Late answer, I know, but for me the following script is quite useful - and it answers the question too, hitting two flys with one flag ;-)

The following script expands SendTo in the file explorer's context menu:

@echo off
cls
if "%~dp1"=="" goto Install

REM change drive, then cd to path given and run shell there
%~d1
cd "%~dp1"
cmd /k
goto End

:Install
rem No arguments: Copies itself into SendTo folder
copy "%0" "%appdata%\Microsoft\Windows\SendTo\A - Open in CMD shell.cmd"

:End

If you run this script without any parameters by double-clicking on it, it will copy itself to the SendTo folder and renaming it to "A - Open in CMD shell.cmd". Afterwards it is available in the "SentTo" context menu.

Then, right-click on any file or folder in Windows explorer and select "SendTo > A - Open in CMD shell.cmd"

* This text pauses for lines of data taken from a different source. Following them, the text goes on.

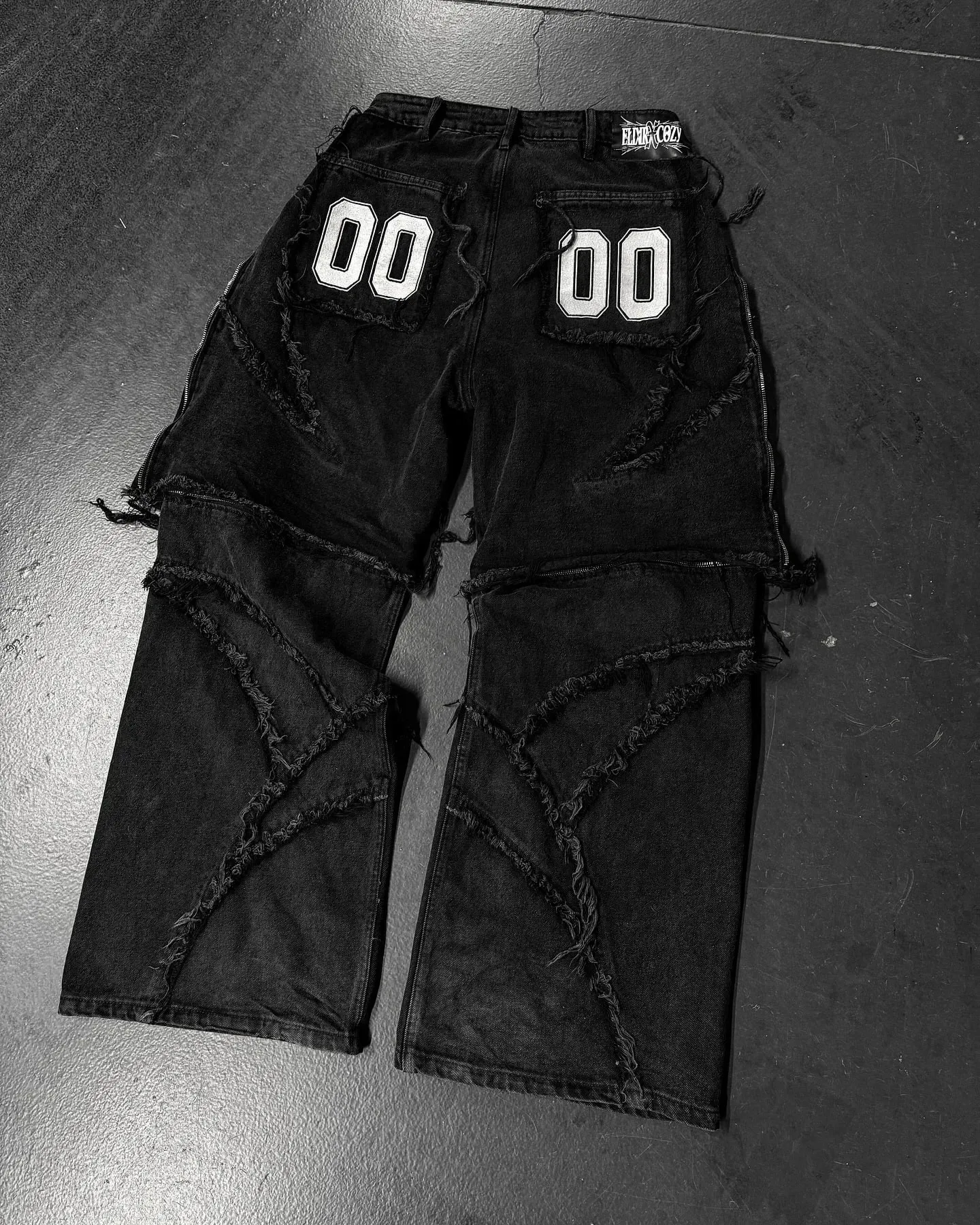 Elixir X Cozy 可拆卸牛仔褲復古龐克街頭拉鍊拼布條紋牛仔褲男士黑色寬鬆嘻哈拼接牛仔褲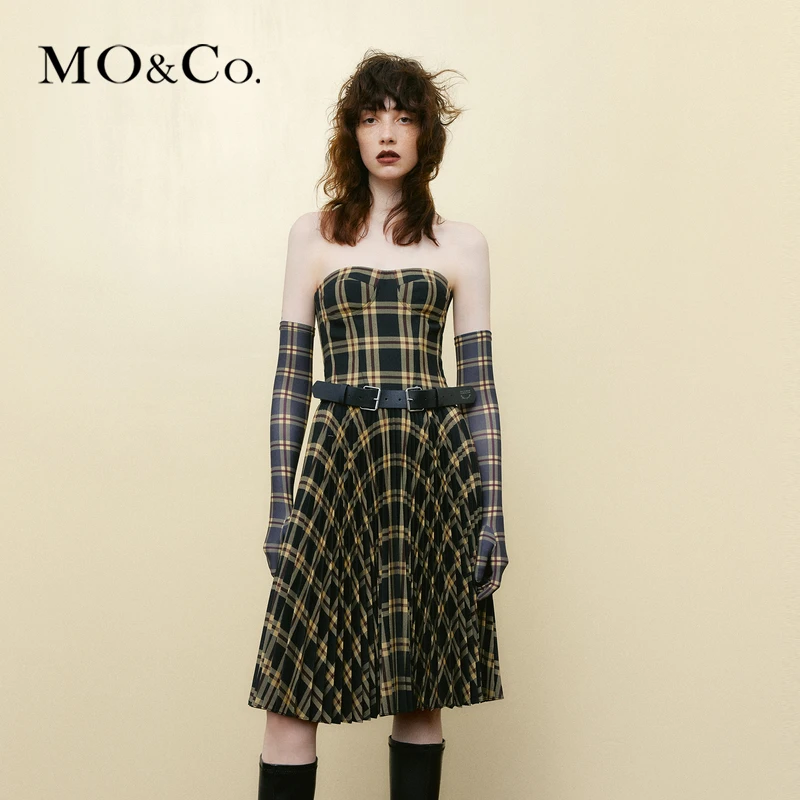 MOCO春秋(装卸袖套/皮带/肩带)鱼骨胸托高腰吊带连衣裙MBC3DRS038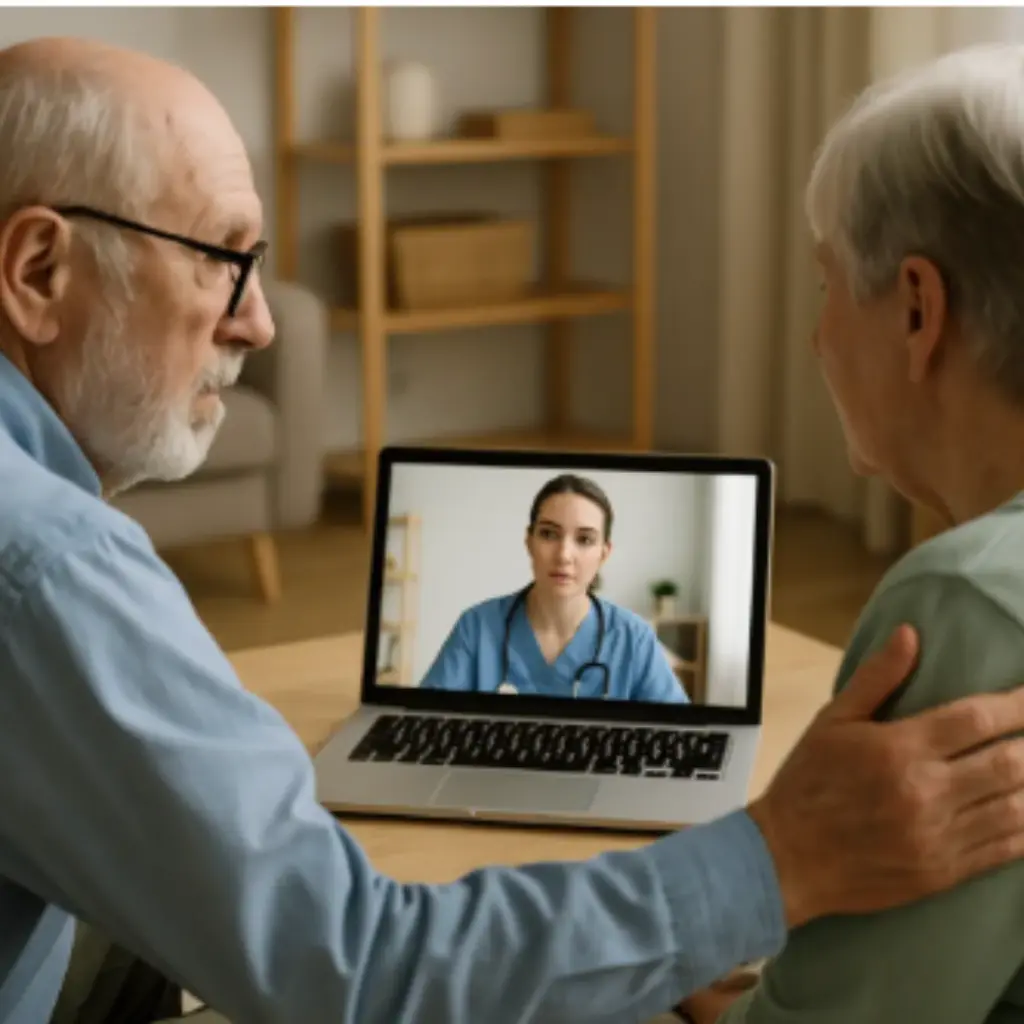 Seniorenpaar in digitaler Pflegeberatung per Videoanruf mit Pflegefachkraft am Laptop.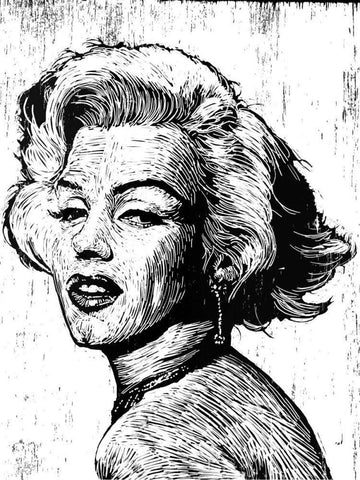 Marilyn Black Ornate Wood Framed Art Print with Double Matting by Shigley, Neil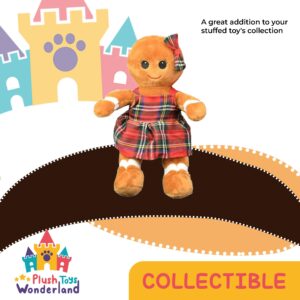 PLUSH TOYS WONDERLAND Ginger The Gingerbread Girl 8 Inch Pocket-Sized Stuffed Doll: Petite and Perfectly Sweet Kids, Christmas Doll Plushie Gift for Kids, Baby Showers!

The script will change drive and path to the path containing the file or folder you have selected and open a command shell with that path - useful for Visual Studio Code, because then you can just type "code ." to run it in the context of your project.

How does it work?

%0 - full path of the batch script
%~d1 - the drive contained in the first argument (e.g. "C:")
%~dp1 - the path contained in the first argument
cmd /k - opens a command shell which stays open

Not used here, but %~n1 is the file name of the first argument.

I hope this is helpful for someone.